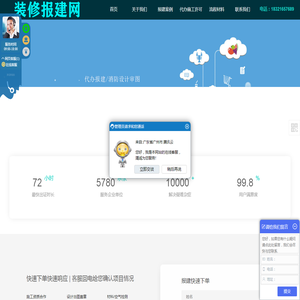 上海装修报建公司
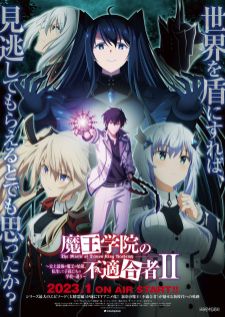 Maou Gakuin No Futekigousha II — พากย์ไทย
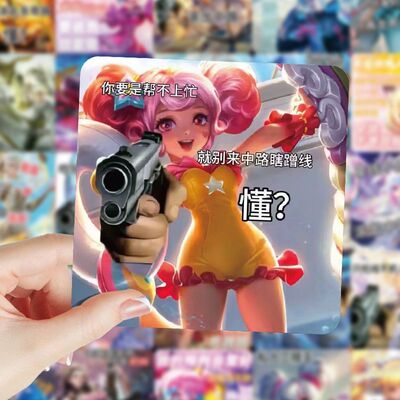 120张王者荣耀发疯表情包贴纸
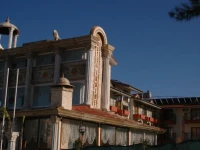 Inside Hotel Side 3*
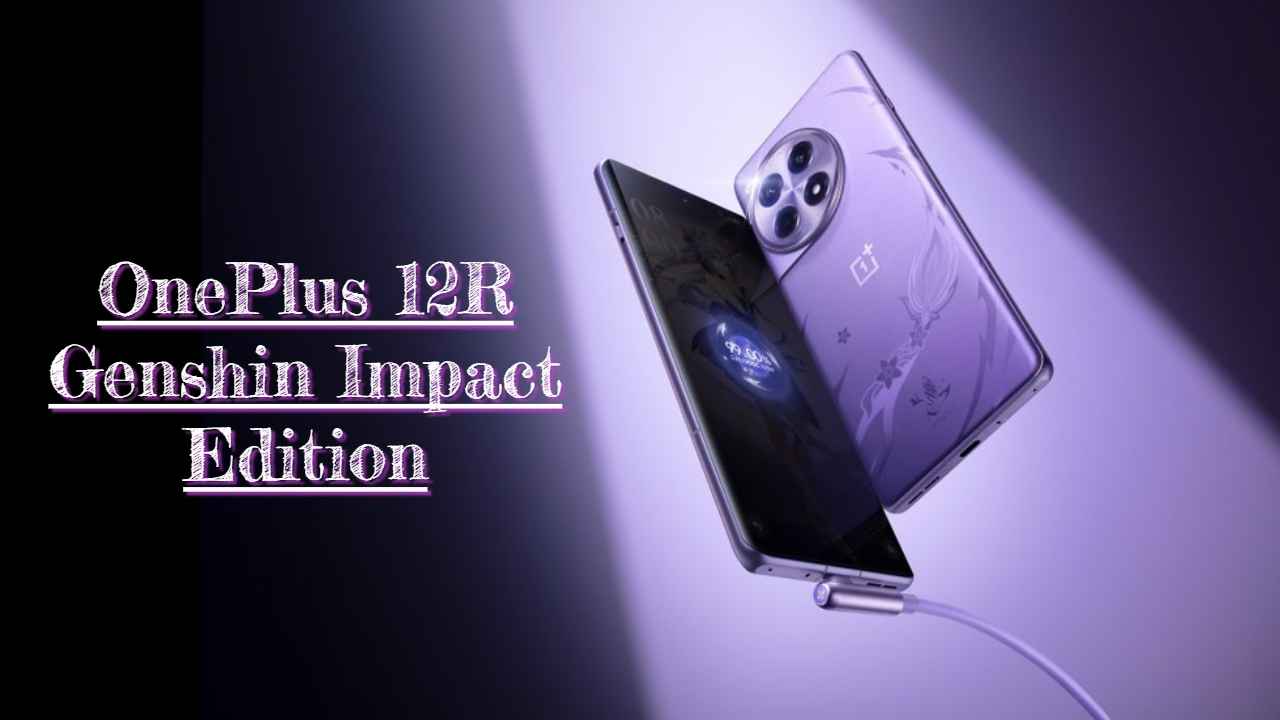 OnePlus 12R Genshin Impact: भारत में लॉन्च हुआ 16GB RAM और खूबसूरत डिजाइन वाला ये खास फोन, देखें कीमत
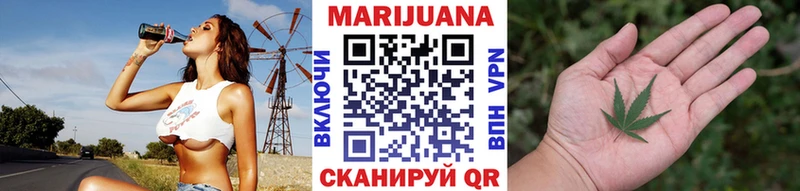 Бошки марихуана ГИДРОПОН  Купить где  Сосенский 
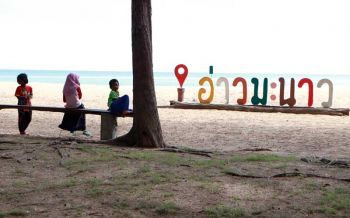 อุทยานแห่งชาติอ่าวนะนาวเปิดการทดลองใช้แอปพลิเคชัน \'ไทยชนะ\' จัดระเบียบนักท่องเที่ยว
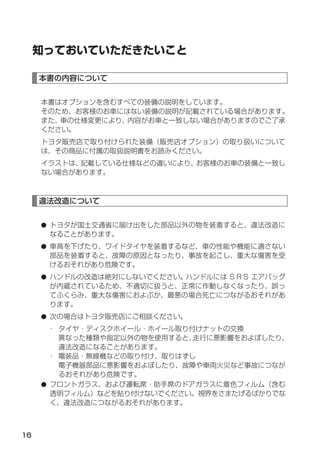 ●


●



●




●




●
 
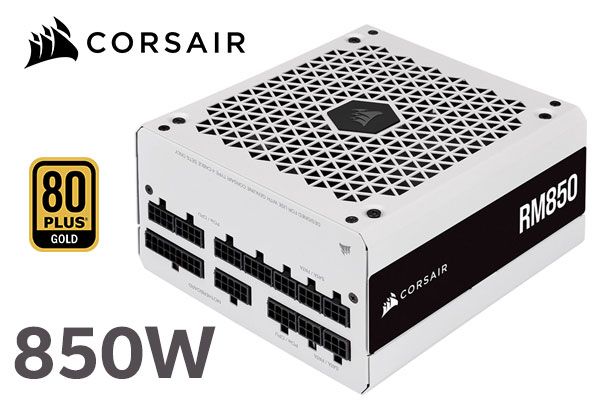 corsair-rm850-850w-modular-power-supply-white-600px-v2.jpg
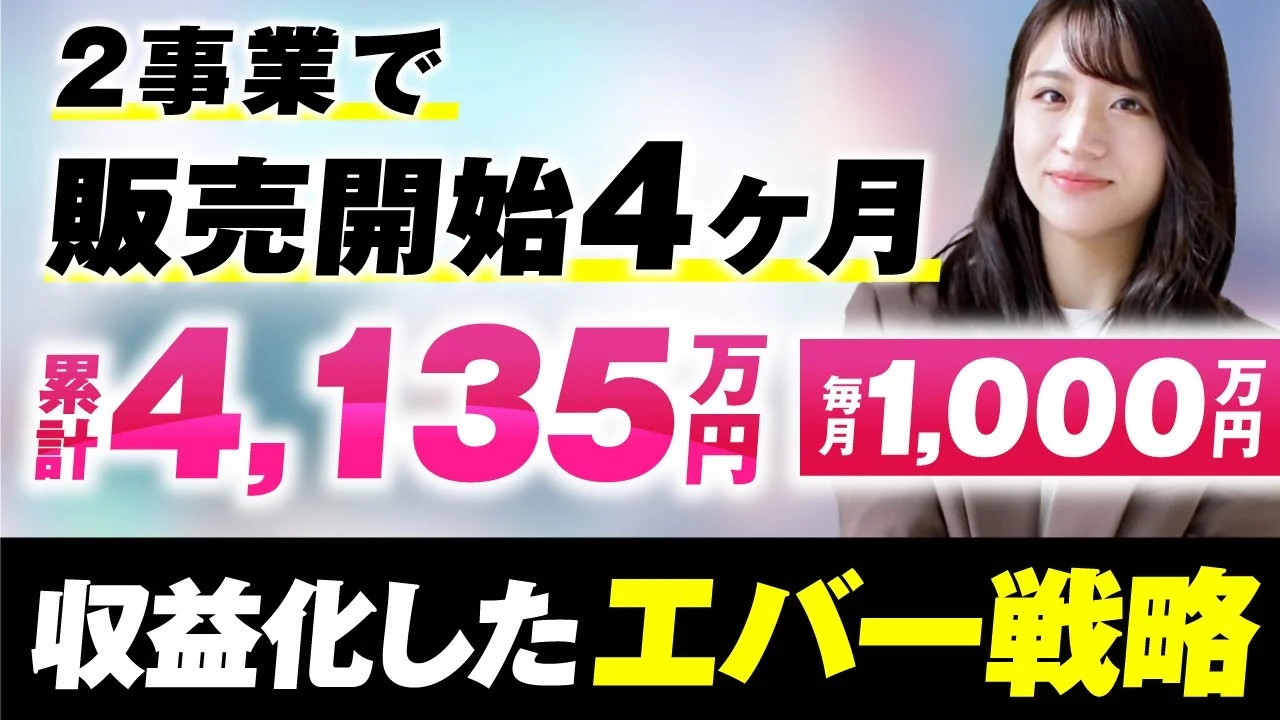 2事業で！販売開始4か月！累計4,135万円【おさる×みく対談】 | おさるマーケティング講座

- [EXERCISE GOAL]
Output all data exactly, omitting images.

- [SOLVED PROBLEM]
 上海装修报建公司
 Maou Gakuin No Futekigousha II — พากย์ไทย
 120张王者荣耀发疯表情包贴纸
 Inside Hotel Side 3*
 OnePlus 12R Genshin Impact: भारत में लॉन्च हुआ 16GB RAM और खूबसूरत डिजाइन वाला ये खास फोन, देखें कीमत
 Бошки марихуана ГИДРОПОН  Купить где  Сосенский 
 อุทยานแห่งชาติอ่าวนะนาวเปิดการทดลองใช้แอปพลิเคชัน \'ไทยชนะ\' จัดระเบียบนักท่องเที่ยว
 ●


●



●




●




●
 
 corsair-rm850-850w-modular-power-supply-white-600px-v2.jpg
 2事業で！販売開始4か月！累計4,135万円【おさる×みく対談】 | おさるマーケティング講座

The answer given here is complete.